Should I use groupbyuntil with a duration selector instead?
Upvotes: 3
Views: 1434
Reputation: 329
This may be a controversial tactic, but if you were worried about distinct keys accumulating, and if there was a point in time where this could safely be reset, you could introduce a reset policy using Observable.Switch. For example, we have a scenario where the "state of the world" is reset on a daily basis, so we could reset the distinct observable daily.

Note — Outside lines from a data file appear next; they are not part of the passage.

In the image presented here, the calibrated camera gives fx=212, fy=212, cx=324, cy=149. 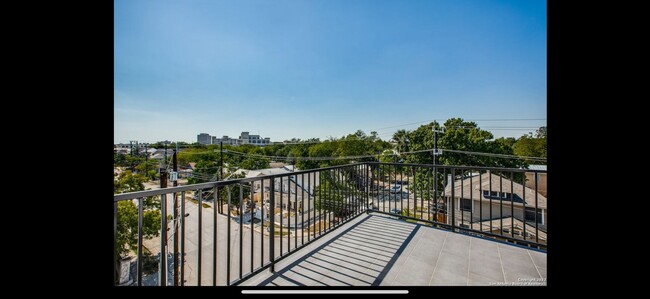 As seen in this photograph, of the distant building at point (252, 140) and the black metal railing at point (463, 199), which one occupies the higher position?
the distant building at point (252, 140)

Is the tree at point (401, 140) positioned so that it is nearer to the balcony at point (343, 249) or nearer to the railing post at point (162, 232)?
the balcony at point (343, 249)

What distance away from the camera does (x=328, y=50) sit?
4672 millimetres

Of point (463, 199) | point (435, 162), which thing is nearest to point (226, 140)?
point (435, 162)

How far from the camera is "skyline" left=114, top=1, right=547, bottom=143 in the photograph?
1.35 meters

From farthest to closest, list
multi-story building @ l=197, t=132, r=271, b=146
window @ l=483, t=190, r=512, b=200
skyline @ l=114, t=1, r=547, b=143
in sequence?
multi-story building @ l=197, t=132, r=271, b=146 → window @ l=483, t=190, r=512, b=200 → skyline @ l=114, t=1, r=547, b=143

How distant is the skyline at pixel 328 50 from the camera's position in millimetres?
1352

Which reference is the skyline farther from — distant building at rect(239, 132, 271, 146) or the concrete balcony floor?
distant building at rect(239, 132, 271, 146)

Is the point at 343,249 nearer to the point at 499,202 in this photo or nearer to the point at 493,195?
the point at 499,202

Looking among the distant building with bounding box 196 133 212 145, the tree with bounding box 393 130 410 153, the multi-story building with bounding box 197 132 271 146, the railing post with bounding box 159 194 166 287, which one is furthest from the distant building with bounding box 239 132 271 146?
the railing post with bounding box 159 194 166 287

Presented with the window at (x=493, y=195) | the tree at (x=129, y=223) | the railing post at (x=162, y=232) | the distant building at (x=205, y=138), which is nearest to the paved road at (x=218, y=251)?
the railing post at (x=162, y=232) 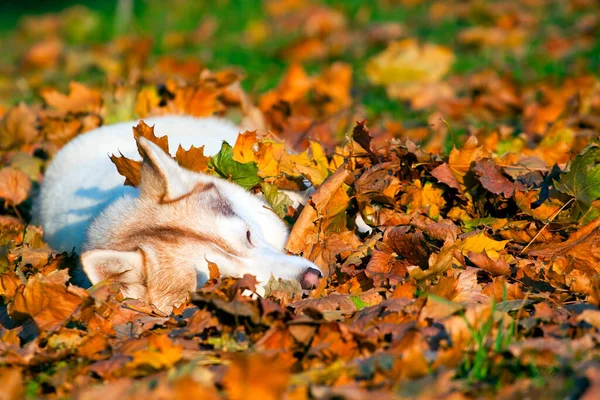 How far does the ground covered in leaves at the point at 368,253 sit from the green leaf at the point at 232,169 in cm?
1

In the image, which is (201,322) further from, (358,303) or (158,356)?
(358,303)

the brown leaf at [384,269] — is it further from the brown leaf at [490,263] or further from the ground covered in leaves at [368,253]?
the brown leaf at [490,263]

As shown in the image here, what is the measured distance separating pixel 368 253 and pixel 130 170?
1406 millimetres

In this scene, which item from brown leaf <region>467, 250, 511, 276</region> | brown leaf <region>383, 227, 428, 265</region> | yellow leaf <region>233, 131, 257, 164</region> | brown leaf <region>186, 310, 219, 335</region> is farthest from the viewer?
yellow leaf <region>233, 131, 257, 164</region>

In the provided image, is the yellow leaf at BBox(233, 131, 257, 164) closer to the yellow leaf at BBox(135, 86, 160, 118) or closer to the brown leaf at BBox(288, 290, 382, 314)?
the brown leaf at BBox(288, 290, 382, 314)

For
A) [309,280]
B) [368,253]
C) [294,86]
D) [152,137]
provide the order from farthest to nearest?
[294,86] → [152,137] → [368,253] → [309,280]

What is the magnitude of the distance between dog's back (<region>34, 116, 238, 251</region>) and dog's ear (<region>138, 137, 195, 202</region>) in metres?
0.27

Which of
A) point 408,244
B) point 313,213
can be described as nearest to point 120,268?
point 313,213

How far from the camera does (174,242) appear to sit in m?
3.71

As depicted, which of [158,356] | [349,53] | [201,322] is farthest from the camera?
[349,53]

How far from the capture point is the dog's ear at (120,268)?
3537mm

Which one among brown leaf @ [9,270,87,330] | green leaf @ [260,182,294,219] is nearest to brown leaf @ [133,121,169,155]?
green leaf @ [260,182,294,219]

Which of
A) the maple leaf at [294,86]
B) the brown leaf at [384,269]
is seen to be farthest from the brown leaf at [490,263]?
the maple leaf at [294,86]

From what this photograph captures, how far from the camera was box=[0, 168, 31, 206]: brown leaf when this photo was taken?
5309 mm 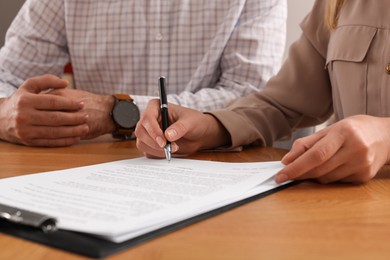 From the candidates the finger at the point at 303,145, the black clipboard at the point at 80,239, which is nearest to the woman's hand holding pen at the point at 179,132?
the finger at the point at 303,145

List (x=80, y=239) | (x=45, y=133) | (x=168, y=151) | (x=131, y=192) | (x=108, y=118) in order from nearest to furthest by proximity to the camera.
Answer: (x=80, y=239)
(x=131, y=192)
(x=168, y=151)
(x=45, y=133)
(x=108, y=118)

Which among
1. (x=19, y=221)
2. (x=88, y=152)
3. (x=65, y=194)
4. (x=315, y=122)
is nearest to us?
(x=19, y=221)

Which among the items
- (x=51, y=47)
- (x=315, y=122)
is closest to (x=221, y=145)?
(x=315, y=122)

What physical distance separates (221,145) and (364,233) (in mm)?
567

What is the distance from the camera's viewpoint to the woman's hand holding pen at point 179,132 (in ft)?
2.91

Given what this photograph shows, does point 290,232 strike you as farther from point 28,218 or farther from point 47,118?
point 47,118

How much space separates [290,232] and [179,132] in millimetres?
436

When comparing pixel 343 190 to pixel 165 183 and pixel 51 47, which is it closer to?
pixel 165 183

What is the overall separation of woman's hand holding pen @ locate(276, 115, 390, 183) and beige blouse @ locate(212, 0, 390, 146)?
332mm

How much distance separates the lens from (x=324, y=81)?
125 centimetres

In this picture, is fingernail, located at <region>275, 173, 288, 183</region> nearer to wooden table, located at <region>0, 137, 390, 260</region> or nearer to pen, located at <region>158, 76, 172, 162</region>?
wooden table, located at <region>0, 137, 390, 260</region>

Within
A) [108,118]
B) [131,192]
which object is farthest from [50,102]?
[131,192]

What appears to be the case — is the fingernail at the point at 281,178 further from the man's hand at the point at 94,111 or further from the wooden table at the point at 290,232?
the man's hand at the point at 94,111

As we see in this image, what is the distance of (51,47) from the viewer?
177 cm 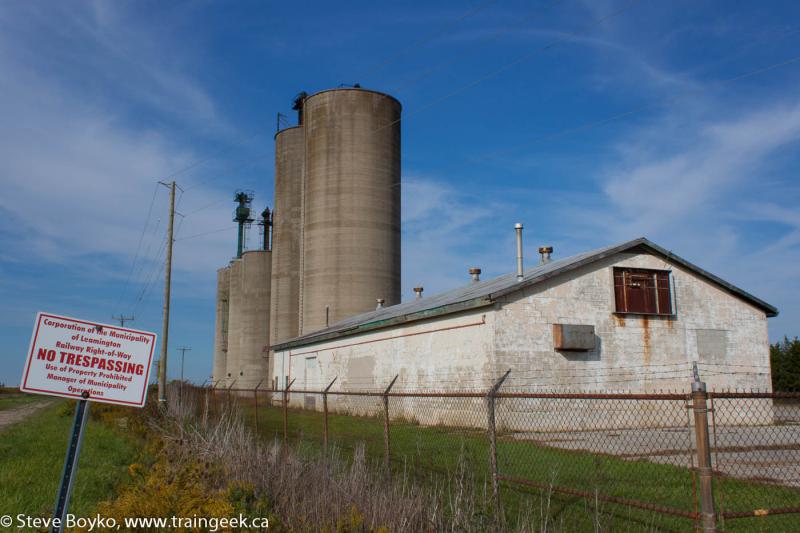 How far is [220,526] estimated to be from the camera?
5.48m

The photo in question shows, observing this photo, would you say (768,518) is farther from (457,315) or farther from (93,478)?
(457,315)

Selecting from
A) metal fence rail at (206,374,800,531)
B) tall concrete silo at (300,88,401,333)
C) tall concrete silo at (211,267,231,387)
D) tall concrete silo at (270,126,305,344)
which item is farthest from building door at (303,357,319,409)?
tall concrete silo at (211,267,231,387)

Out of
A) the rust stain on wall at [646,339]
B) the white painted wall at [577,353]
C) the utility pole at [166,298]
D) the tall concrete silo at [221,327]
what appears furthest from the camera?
the tall concrete silo at [221,327]

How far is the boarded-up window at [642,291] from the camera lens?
1991 cm

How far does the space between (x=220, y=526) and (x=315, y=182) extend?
30897 mm

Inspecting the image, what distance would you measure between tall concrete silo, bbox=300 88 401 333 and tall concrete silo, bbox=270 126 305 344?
18.7ft

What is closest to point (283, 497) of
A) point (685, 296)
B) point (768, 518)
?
point (768, 518)

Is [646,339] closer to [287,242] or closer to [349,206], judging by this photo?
[349,206]

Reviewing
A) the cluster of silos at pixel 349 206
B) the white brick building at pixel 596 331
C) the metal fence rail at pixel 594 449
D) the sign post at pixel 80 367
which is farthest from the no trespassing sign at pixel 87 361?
the cluster of silos at pixel 349 206

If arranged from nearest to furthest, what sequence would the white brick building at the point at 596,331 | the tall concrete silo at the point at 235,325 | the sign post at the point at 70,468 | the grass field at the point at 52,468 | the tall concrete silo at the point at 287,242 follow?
the sign post at the point at 70,468 → the grass field at the point at 52,468 → the white brick building at the point at 596,331 → the tall concrete silo at the point at 287,242 → the tall concrete silo at the point at 235,325

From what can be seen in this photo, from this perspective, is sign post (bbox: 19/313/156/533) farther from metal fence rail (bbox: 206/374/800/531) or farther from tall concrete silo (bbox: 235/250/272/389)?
tall concrete silo (bbox: 235/250/272/389)

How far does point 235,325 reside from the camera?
5338 centimetres

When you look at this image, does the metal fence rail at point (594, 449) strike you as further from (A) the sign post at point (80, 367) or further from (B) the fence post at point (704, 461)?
(A) the sign post at point (80, 367)

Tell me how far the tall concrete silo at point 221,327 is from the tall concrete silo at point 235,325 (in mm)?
5071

Observable.Create<MyPoco>(
observer =>
{
var distinctPocos = new BehaviorSubject<IObservable<MyPoco>>(pocos.Distinct(x => x.Id));
var timerSubscription =
Observable.Timer(
new DateTimeOffset(DateTime.UtcNow.Date.AddDays(1)),
TimeSpan.FromDays(1),
schedulerService.Default).Subscribe(
t =>
{
Log.Info("Daily reset - resetting distinct subscription.");
distinctPocos.OnNext(pocos.Distinct(x => x.Id));
});
var pocoSubscription = distinctPocos.Switch().Subscribe(observer);
return new CompositeDisposable(timerSubscription, pocoSubscription);
});
However, I do tend to agree with James World's comment above regarding testing with a memory profiler to check that memory is indeed an issue before introducing potentially unnecessary complexity. If you're accumulating 32-bit ints as the key, you'd have many millions of unique items before running into memory issues on most platforms. E.g. 262144 32-bit int keys will take up one megabyte. It may be that you reset the process long before this time, depending on your scenario.
Upvotes: 1
Reputation: 5074
Observable.Distinct
uses a HashSet
internally. Memory usage will be roughly proportional to the number of distinct Keys encountered. (AFAIK about 30*n bytes)
GroupByUntil
does something really different than Distinct
.
GroupByUntil
(well) groups, whereas Distinct
filters the elements of a stream.
Not sure about the intended use, but if you just want to filter consecutive identical elements you need Observable.DistinctUntilChanged
which has a memory footprint independent of the number of keys.
Upvotes: 5